Toyota added the Rush to seven-seater mix, but it faces stiff competition from three models at lower prices.
THERE are four affordable sevenseaters for the family who know there will be spills in the back. With small engines and precious little to choose from in the cabin, these four are in a photo finish when it comes to value offerings.
Toyota Rush — from R299 900
Toyota last week launched what some have taken to calling a mini Fortuner but in Japan the Rush competes with the Daihatsu Terios, with the models sharing underpinnings.
The 1.5-litre four-cylinder DOHC engine, makes 77 kW at 6 000 rpm and 136 Nm of torque at 4 200 rpm. Power goes to the rear wheels (17inch) where a multilink rear suspension promises a smooth ride.
The Rush comes with a six-speaker touchscreen infotainment system, 12volt sockets front and rear, and a boot that swallows a decent 609 litres. A reverse camera and parking sensor aid the driver while keyless entry and push-start ignition add to the upmarket feel. A six-services/90 000 kilometre service plan comes standard, backed by a three-year/100 000 km warranty. The service intervals are 15 000 kilometres. Toyota has a introductory price of R299 900 for a fivespeed manual Rush 1,5 and R13 400 more for the four-speed automatic. This premium price may be recouped when its time to trade the Rush in.

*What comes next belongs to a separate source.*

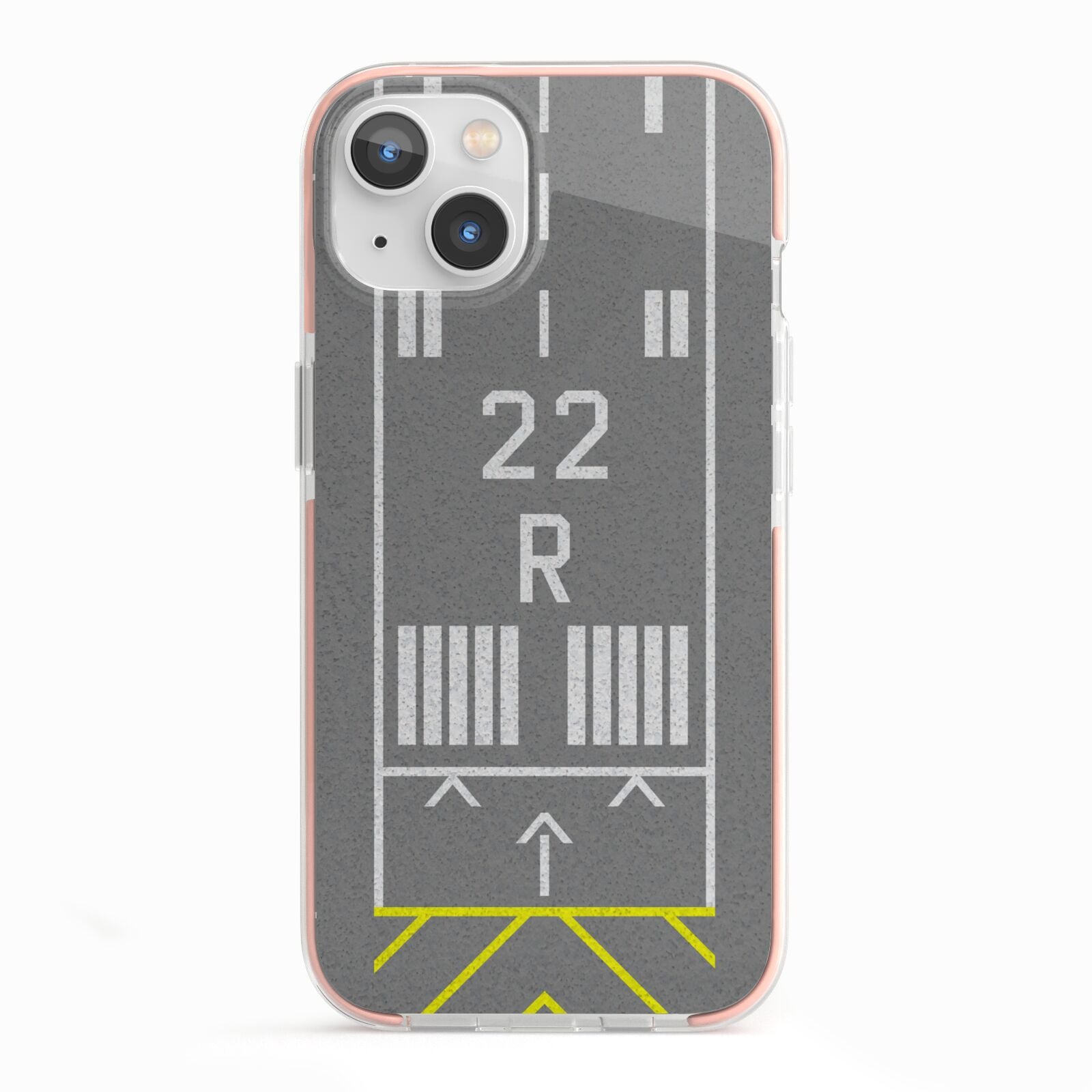 Personalised Runway iPhone 13 TPU Impact Case with Pink Edges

Suzuki Ertiga — from R202 900
The 2016 Suzuki Ertiga recently had a facelift. The third row can now be folded in a 50/50 configuration, as opposed to the single backrest of the outgoing model. The radio has Bluetooth as standard but only the top-spec GL model has a parking sensor.
The Ertiga’s 1.4-petrol engine makes 70 kW at 6 000 rpm and 130 Nm at 4 000 rpm. Power goes to the front through either a five-speed manual gearbox or a four-speed auto. A four-year or 60 000 km service and a five-year or 200 000 km promotional warranty are included in the prices, starting at R202 900 for the manual and topping out at R245 900 for the GL auto.

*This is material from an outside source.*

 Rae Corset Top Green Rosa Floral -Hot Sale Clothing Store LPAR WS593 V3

Mahindra TUV300 — R232 995
The two-stage turbo in the mHawk100 Turbodiesel 1 493 cc engine is the choice for steep hills. It makes 73,5 kW at 3 750 rpm and a sumptuous 240 Nm between 1 600 rpm and 2 800 rpm.
The biggest fuel tank here at 60 litres and a realistic consumption of 20 km/litre also gives the TUV 300 the longest range, while a towing capacity of 750 kg makes it the most practical.
The last row’s seats fold down to face each other in the boot.
The three-year service plan is 10 000 km shorter than the threeyear or 100 000 km warranty.
Honda BR-V — from R248 700
The 1.5 i-VTEC engine makes the smoothest power here — 88 kW at 6 600 rpm and 145 Nm at 4 600 rpm. Gears changes are Honda-slick and this 16-valve loves a spirited drive.
The radio has four big speakers and Bluetooth is standard, as are roof rails and 16-inch wheels. A five-year or 200 000 km warranty is standard, but only the Comfort and Elegance models have a two-year/30 000 km service plan, with services at 15 000 km. Prices are R248 700 for the Trend and R284 000 for the Elegance. An auto transmission adds R15 900 to the price.
Honda’s BR-V is for dads who like a spirited drive between the people lugging, at R248 000.
The Suzuki Ertiga was made tough for India and starts at R202 900.
Two models of the Toyota Rush are for sale, with the manual listed for R299 900.
Mahindra’s TUV300 brings diesel power to the fight, at R232 995 for 240 Nm from 1 600 rpm.